Clause 120 - Scottish restriction on bringing children into United Kingdom

Adoption and Children Bill – in a Public Bill Committee am 12:30 pm ar 11 Rhagfyr 2001.

Danfonwch hysbysiad imi am ddadleuon fel hyn

Photo of Henry Bellingham Henry Bellingham Ceidwadwyr, North West Norfolk 12:30, 11 Rhagfyr 2001

I beg to move amendment No. 178, in page 67, line 24, leave out 'British Islands' and insert 'United Kingdom'.

Photo of Mr George Stevenson Mr George Stevenson Llafur, Stoke-on-Trent South

With this we may discuss the following amendments: No. 179, in page 67, line 26, leave out 'outside the British Islands' and insert 'abroad'.

No. 181, in page 67, line 43, leave out 'British Islands' and insert 'United Kingdom'.

Photo of Henry Bellingham Henry Bellingham Ceidwadwyr, North West Norfolk

These amendments continue our earlier discussion.

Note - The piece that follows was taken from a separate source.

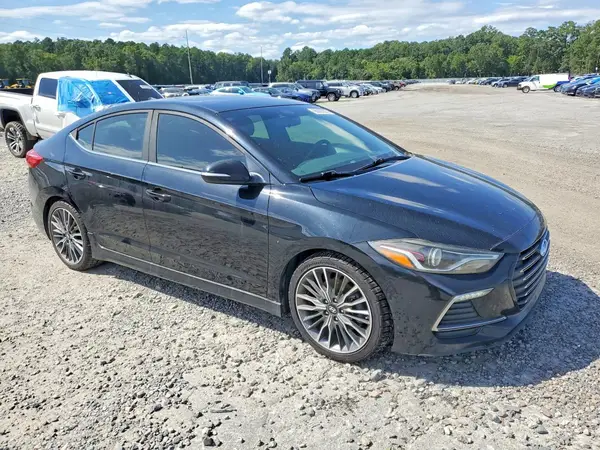 KMHD04LB0JU512918 — 2018 Hyundai Elantra, фото 4 с аукциона Copart, Повреждения снизу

Through them, I propose to clarify once and for all what we mean by ''British Islands''. I mentioned briefly that I was not especially happy about the expression. As the Minister pointed out, the phrase has a definition under the Interpretation Act 1978, but events have moved on since then.

We have been keen to build close relationships with the Dail in the Republic of Ireland. Since 1978, a series of initiatives has tried to bring the two Parliaments closer together, including the Anglo-Irish treaty and other initiatives that have flowed from it, including the British-Irish Inter-Parliamentary Body and the Good Friday or Belfast agreement. Many important initiatives have been made under which cross-border bodies have been set up, to try to break down the idea of the British isles.

The expression ''British Islands'' may evoke nostalgia among various people, especially Conservative Members, for the days when the Republic of Ireland was part of the UK and it was not necessary to talk about the British isles with any regard for people's sensitivities. However, the Republic of Ireland is concerned about the use of the phrase. As various members of the Committee who are on the inter-parliamentary body will know—I think that my hon. Friend the Member for Meirionnydd Nant Conwy is—the expression often leads to offence. The Irish find it patronising, archaic and in many ways inappropriate.

That is why whenever there is a bilateral meeting of any kind between the two countries, we talk about ''these islands'', which encompasses the islands around this country—the Isle of Man, Guernsey and Jersey—and the islands around Ireland. Obviously, many issues of mutual concern affect all those islands. Once or twice, people have talked about the British isles in the inter-parliamentary body and it has led to considerable offence, as my hon. Friend the Member for Meirionnydd Nant Conwy will recall.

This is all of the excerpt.